Architecture - Absolute DB Documentation

Storage Layers

Absolute DB provides four interoperable storage backends selectable per table or per workload. All share the same MVCC transaction layer and WAL.

B+Tree (Default OLTP)

The primary row-store backend. 4 KB pages with copy-on-write semantics for MVCC. Bloom filters on leaf pages skip unnecessary disk reads for point lookups. Supports partial indexes (CREATE INDEX ... WHERE predicate) and BRIN (Block Range Index) for monotonic columns.

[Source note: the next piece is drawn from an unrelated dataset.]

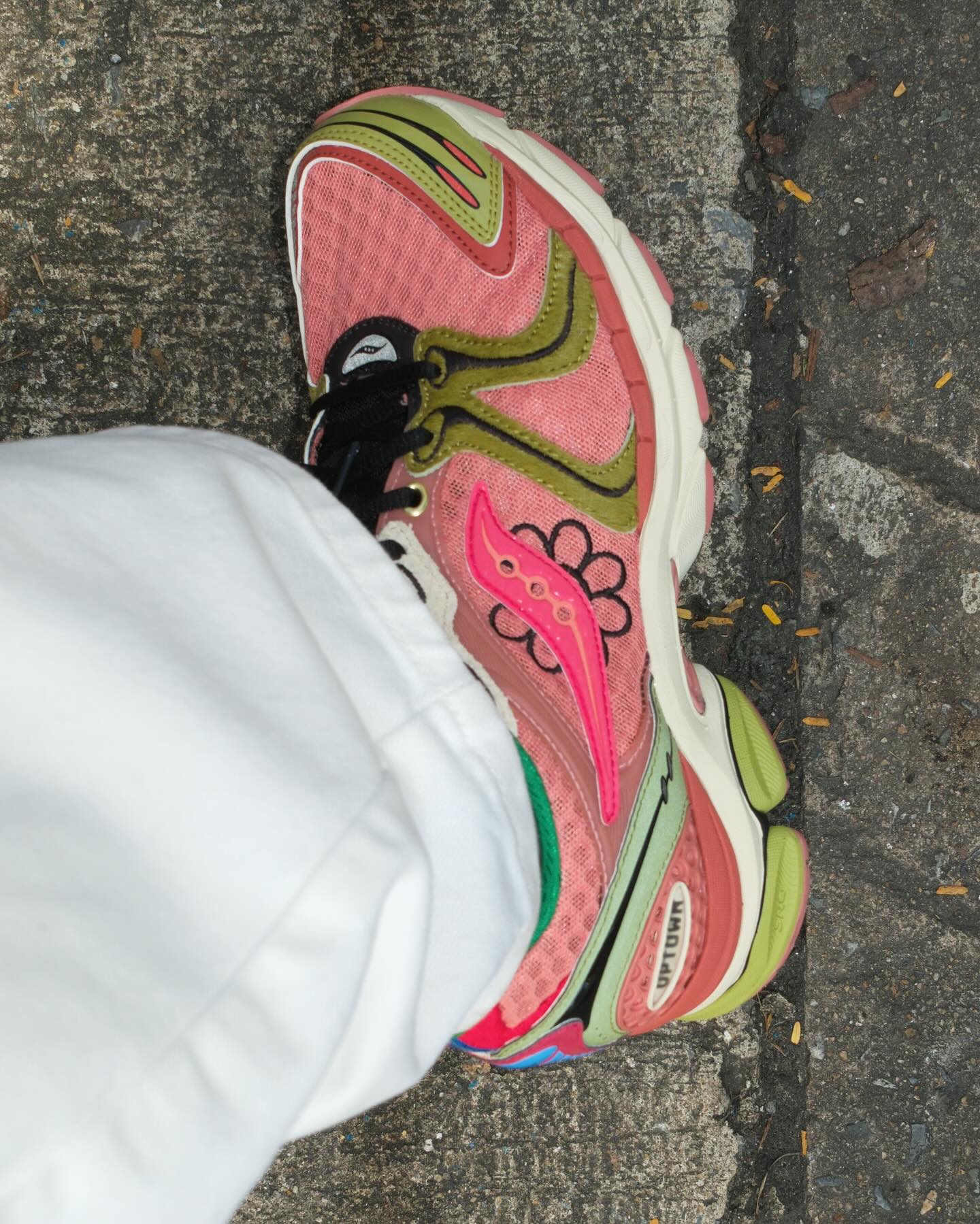 จูเนียร์ - กรวิชญ์ สูงกิจบูลย์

sql — B+Tree index examples

-- Standard B+Tree index
CREATE INDEX idx_orders_customer ON orders(customer_id);

-- Partial index (only index pending orders)
CREATE INDEX idx_orders_pending ON orders(id) WHERE status = 'pending';

-- BRIN index for time-series (1000x smaller than B+Tree)
CREATE INDEX idx_events_ts ON events USING BRIN(created_at);

LSM-Tree (Write-Optimised)

Optional backend for write-heavy workloads. In-memory MemTable flushes to L0..LN SSTables with leveled compaction. Activate per-table with USING LSM.

sql — LSM-Tree backend

-- Create table with LSM-Tree backend
CREATE TABLE events (
    id      BIGINT PRIMARY KEY,
    ts      TIMESTAMP,
    payload JSONB
) USING LSM;

-- LSM compaction happens automatically in background

PAX Columnar Storage

Partition Attributes aXross (PAX) layout stores each column contiguously within 64 KB pages. Zone maps (per-column min/max in page header) allow entire pages to be skipped during scans. Supports RLE, bit-packing, and dictionary encoding.

sql — Columnar storage

-- Create columnar table (optimal for analytics)
CREATE TABLE metrics (
    ts    TIMESTAMP,
    host  TEXT,
    value DOUBLE PRECISION
) USING COLUMNAR PAGE_SIZE 65536;

-- Force columnar path in query
SELECT /*+COLUMNAR*/ host, avg(value)
FROM metrics
WHERE ts BETWEEN '2026-01-01' AND '2026-03-31'
GROUP BY host;

Encoding	Best For	Typical Ratio
RLE	Low-cardinality columns, sorted data	10–100×
Bit-packing	Small integers, flags, enums	2–8×
Dictionary	Repeated strings (≤ 256 distinct values)	4–32×
Delta + RLE	Timestamps, monotonic counters	5–20×

HTAP Dual-Store

The HTAP engine maintains both row-store (OLTP) and PAX columnar store simultaneously, connected by a zero-copy lock-free replication ring with 4,096 entries. Row inserts are immediately reflected in the columnar store. Replication lag is typically ≤ 5 ms. The query planner automatically routes point lookups to the row-store and analytical scans to the columnar store.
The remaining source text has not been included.